Yeah. Grow more and bigger plants - more growth is always good!
I always laugh to myself when I read about the dangers of increased CO2 in the atmosphere being a pollutant. People need to get their heads checked.

CO2 is good for plants and for people.
Yip. And nitrogen is good for plants, too. The more the better. Why would anyone worry about too much nitrogenous fertilizer? It leads to bigger plants, doesn't it?

On the other hand, if you have an interest in conserving current species, ecological systems and complexity, current island and low-lying or glacier irrigated human habitations, rather than just maximising growth, then more CO2, more heat energy and more weather may not be such an unmitigated positive.
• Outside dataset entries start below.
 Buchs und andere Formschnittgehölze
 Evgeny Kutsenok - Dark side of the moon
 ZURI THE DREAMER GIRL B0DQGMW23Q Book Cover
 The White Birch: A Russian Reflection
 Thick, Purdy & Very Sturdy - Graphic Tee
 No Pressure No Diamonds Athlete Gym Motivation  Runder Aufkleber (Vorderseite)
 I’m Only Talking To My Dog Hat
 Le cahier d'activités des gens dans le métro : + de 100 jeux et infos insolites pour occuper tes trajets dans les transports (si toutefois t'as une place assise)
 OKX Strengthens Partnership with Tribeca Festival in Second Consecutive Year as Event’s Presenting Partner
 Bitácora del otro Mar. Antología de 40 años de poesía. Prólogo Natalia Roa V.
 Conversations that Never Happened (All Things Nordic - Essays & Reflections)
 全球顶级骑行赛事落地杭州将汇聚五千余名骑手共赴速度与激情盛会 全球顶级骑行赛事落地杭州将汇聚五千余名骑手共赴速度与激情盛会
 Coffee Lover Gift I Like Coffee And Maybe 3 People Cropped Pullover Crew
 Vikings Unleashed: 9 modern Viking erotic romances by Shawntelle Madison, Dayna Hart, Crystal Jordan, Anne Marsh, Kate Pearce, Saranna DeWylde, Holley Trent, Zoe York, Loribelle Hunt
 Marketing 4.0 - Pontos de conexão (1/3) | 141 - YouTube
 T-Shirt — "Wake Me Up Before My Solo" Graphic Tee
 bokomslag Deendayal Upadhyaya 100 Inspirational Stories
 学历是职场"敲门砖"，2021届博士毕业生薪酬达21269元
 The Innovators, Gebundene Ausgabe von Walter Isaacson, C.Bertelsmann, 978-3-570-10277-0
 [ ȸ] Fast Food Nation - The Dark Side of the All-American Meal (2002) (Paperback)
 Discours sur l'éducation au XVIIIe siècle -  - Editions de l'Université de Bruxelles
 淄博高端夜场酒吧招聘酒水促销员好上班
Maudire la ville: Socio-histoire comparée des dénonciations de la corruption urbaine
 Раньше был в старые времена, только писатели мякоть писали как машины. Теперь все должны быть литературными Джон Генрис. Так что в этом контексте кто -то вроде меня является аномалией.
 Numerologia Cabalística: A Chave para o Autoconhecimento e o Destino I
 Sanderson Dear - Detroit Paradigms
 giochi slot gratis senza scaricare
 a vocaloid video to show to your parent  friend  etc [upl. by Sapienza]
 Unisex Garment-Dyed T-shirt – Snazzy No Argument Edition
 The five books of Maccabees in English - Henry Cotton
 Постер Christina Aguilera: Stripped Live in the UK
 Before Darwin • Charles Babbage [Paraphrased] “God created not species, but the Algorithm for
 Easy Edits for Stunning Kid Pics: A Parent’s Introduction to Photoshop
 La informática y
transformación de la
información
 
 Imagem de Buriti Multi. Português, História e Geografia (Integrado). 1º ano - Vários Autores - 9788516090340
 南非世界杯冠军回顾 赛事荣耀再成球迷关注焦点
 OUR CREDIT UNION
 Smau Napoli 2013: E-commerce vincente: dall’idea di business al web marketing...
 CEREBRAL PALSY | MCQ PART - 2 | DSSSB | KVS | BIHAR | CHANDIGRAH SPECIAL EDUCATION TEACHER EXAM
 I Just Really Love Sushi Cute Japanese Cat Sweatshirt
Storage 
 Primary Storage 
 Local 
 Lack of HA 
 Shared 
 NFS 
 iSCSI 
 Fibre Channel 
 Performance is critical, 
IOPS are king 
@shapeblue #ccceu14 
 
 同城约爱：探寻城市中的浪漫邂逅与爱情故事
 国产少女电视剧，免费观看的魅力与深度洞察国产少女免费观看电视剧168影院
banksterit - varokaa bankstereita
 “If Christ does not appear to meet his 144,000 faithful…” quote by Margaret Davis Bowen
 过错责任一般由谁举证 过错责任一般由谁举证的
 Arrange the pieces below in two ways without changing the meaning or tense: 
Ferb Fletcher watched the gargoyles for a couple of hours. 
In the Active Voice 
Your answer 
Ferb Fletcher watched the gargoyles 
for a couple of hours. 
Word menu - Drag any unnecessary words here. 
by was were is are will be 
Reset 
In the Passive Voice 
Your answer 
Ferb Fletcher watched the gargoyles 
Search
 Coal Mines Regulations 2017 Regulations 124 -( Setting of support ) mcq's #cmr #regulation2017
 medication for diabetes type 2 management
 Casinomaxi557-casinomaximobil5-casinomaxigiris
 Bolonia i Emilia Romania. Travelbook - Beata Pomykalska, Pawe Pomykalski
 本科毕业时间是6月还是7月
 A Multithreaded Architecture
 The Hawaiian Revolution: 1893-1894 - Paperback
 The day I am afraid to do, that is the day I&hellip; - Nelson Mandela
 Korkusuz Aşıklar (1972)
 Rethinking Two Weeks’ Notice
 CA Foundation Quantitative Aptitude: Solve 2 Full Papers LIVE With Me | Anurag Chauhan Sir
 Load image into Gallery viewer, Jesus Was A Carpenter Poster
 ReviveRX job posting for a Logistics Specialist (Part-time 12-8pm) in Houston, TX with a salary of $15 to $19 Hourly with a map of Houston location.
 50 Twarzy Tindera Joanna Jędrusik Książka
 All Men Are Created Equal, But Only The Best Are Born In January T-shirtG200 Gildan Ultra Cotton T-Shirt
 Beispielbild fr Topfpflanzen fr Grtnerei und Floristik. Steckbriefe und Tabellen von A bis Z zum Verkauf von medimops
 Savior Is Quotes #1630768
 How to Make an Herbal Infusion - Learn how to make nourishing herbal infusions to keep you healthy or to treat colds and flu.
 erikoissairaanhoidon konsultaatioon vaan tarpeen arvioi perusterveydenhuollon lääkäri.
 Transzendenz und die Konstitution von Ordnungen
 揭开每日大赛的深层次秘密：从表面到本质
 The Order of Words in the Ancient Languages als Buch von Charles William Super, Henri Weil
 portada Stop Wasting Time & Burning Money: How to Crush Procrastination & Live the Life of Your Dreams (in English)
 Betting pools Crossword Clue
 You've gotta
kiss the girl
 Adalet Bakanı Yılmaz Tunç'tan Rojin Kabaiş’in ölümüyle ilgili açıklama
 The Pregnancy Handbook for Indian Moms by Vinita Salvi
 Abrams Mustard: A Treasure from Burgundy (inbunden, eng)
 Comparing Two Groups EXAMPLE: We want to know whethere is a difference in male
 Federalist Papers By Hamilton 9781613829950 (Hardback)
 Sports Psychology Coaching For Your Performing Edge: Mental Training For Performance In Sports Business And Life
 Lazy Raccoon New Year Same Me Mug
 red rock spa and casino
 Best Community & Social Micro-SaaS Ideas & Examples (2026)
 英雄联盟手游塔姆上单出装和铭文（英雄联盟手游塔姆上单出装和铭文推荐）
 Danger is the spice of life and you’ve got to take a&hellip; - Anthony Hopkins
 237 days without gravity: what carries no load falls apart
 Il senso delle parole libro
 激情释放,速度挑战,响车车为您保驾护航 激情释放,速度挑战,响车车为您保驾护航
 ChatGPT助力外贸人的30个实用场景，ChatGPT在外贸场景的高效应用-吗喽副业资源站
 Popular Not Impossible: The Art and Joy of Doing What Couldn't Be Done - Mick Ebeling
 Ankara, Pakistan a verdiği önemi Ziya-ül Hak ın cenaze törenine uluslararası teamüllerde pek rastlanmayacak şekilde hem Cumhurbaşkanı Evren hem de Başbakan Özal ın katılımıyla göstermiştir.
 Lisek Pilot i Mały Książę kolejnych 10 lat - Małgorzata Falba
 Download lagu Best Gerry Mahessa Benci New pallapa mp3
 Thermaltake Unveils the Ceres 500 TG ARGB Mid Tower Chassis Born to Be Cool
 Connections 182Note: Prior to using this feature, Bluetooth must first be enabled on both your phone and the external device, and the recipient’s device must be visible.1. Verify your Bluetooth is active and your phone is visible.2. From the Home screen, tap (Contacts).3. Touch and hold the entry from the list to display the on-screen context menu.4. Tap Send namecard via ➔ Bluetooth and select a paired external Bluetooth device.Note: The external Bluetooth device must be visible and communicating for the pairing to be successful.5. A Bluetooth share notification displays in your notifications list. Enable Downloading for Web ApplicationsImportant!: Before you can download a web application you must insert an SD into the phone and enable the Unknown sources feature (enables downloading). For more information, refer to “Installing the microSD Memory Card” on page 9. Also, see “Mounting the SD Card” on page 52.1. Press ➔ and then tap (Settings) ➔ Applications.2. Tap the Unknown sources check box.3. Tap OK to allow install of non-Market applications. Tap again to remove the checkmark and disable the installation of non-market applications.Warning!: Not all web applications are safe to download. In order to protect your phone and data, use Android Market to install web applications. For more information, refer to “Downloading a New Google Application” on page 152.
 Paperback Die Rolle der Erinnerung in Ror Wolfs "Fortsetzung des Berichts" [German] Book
There are lots of smart scientists who outline lots of independent lines of evidence pointing to climate change as being primarily man driven.
+1

They are also worried about negative feedback loops and the like and predict some pretty dire consequences if we don't get off this path.
Do you mean positive feedback loops (leading to potential tipping points)? I think there are some of each, but the recent and current trends seem to be that the negative feedbacks loops are not sufficient to maintain stability.

We are seeing some of the effects now. I work in municipal engineering, and our stormwater systems are overrun. They are designed for 1:10 to 1:50 year rainfall events. We are getting those events now every few years. This costs huge sums of money to fix. And this is the least of our worries.
I don't work in municipal engineering, but we are seeing effects like this here too and in many places.
Some places it's droughts (and wildfires, etc), which are also costly.

(Oh, whoops. Droughts and wildfires are not always so great for growing big plants, I guess.)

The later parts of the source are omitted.